CAUTION: For version before jobimtext_pipeline_0.0.6 use the documentation found here.
This page describes, how to use the jobim text project to use distributional similarities or contextualized similarities in your project. In this example we consider the that you work on the same computer, the Hadoop server is running. The used compenents use some components from DKPro Core, uimaFIT and OpenNLP.
The files needed for this tutorial can be downloaded from the download section and are contained in the archive jobimtext_pipeline_vXXX.tar.gz. For the feature extraction we need also text files. The format of the files should be plain text. A corpus of Web data and of sentences extracted from English Wikipedia are available here and start with the prefix dataset_. We advise to split them, so UIMA does not have to keep the complete file in the memory.

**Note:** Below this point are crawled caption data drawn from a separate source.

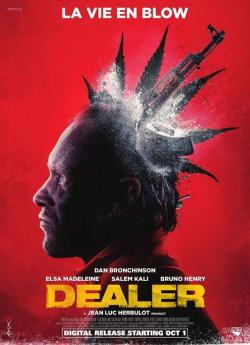 Dealer flemmix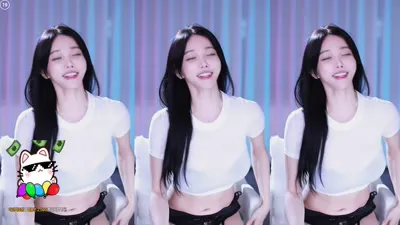 아리샤（feel0100）251231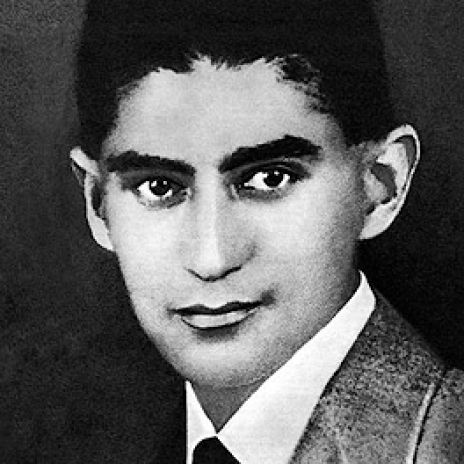 kafka.jpg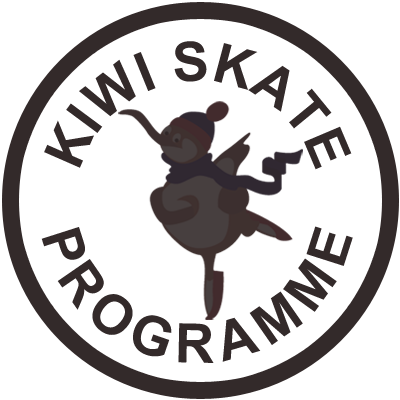 Kiwi Skate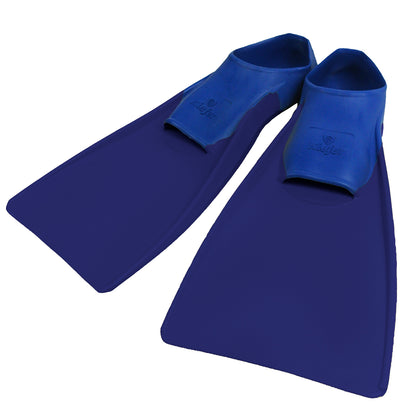 Kiefer Elite Training Fins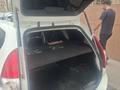 ВАЗ (Lada) Priora 2171 2011 годаүшін2 000 000 тг. в Астана – фото 5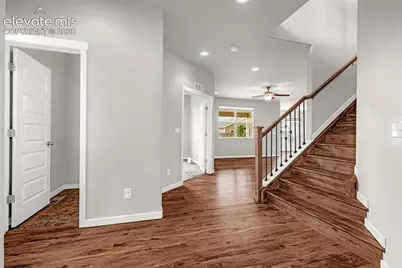 6345 Tramore Way, Colorado Springs, CO 80923 - Photo 4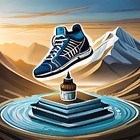 sneakerandthings247
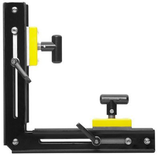 Magswitch 8100495 90 Degree Angle 600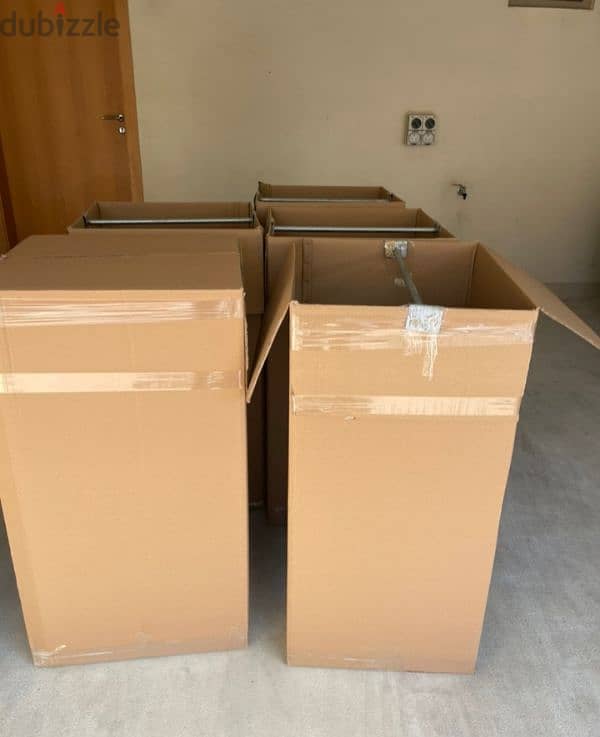 Movers Packers Household items Moves Villa Office Flat House Shifting 3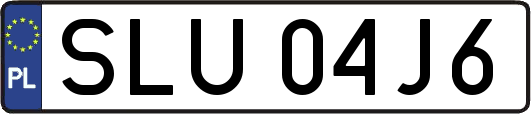 SLU04J6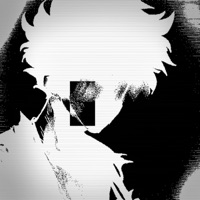 LOUCURA SEMPARA - EP - LIQUEUR & we'll!tonight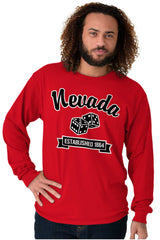 Male_Red2 |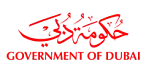 government-of-dubai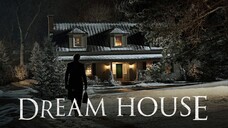 Dream House 2011 (Drama/Mystery/Thriller)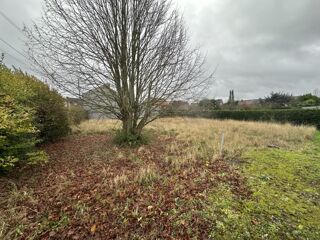  Maison � vendre 5 pi�ces 85 m�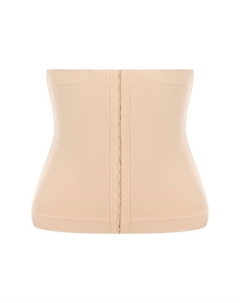 Корсет Bye bra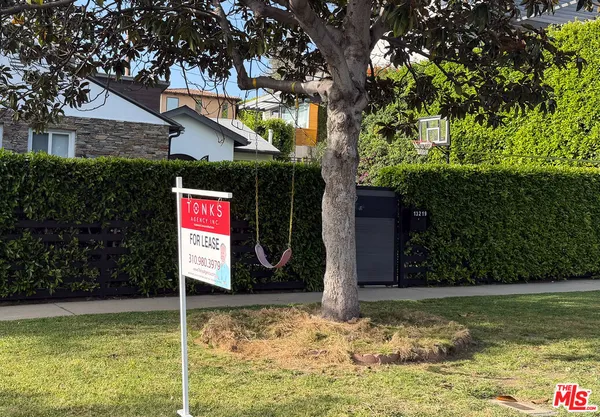 $15,000 | 13219 Rose Avenue, Los Angeles, CA 90066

This can be done using the split command from linux:
split news10M splitted/news10M-part-
Then the holing system can be started to extract the features. This can be done using the shell script holing_operation.sh in the download section, or by executing the jobimtext.example.holing.HolingHadoop class in the maven svn project jobimtext/jobimtext.example. The script can be executed as following
sh holing_operation.sh path pattern output extractor_configuration holing_system_name
and has following parameters:
An example for the extractor_configuration file is shown below:
<jobimtext.holing.extractor.JobimExtractorConfiguration> <keyValuesDelimiter> </keyValuesDelimiter> <extractorClassName> jobimtext.holing.extractor.TokenExtractors$LemmaPos </extractorClassName> <attributeDelimiter>#</attributeDelimiter> <valueDelimiter>_</valueDelimiter> <valueRelationPattern>$relation($values)</valueRelationPattern> <holeSymbol>@</holeSymbol> </jobimtext.holing.extractor.JobimExtractorConfiguration>
The output of the holing system using this configuration file leads to a tab separated (specified by keyValuesDelimiter) key and context feature separated list. The element extractorClassName specifies how an entry is concatenated, in this case the lemma and the POS tag of a word are used and concatenated using a dash (#) as defined with attributeDelimiter. The name of the relation and the context features are concatenated following the valueRelationPattern pattern. An output of the holing system using the MaltParser with the introduced extractor file for the sentence "I gave the book to the girl" leads to the following result:
I#PRP -nsubj(@_give#VB) give#VB nsubj(@_I#PRP) give#VB prep(@_to#TO) give#VB dobj(@_book#NN) give#VB punct(@_.#.) the#DT -det(@_book#NN) book#NN -dobj(@_give#VB) book#NN det(@_the#DT) to#TO pobj(@_girl#NN) to#TO -prep(@_give#VB) the#DT -det(@_girl#NN) girl#NN det(@_the#DT) girl#NN -pobj(@_to#TO) .#. -punct(@_give#VB)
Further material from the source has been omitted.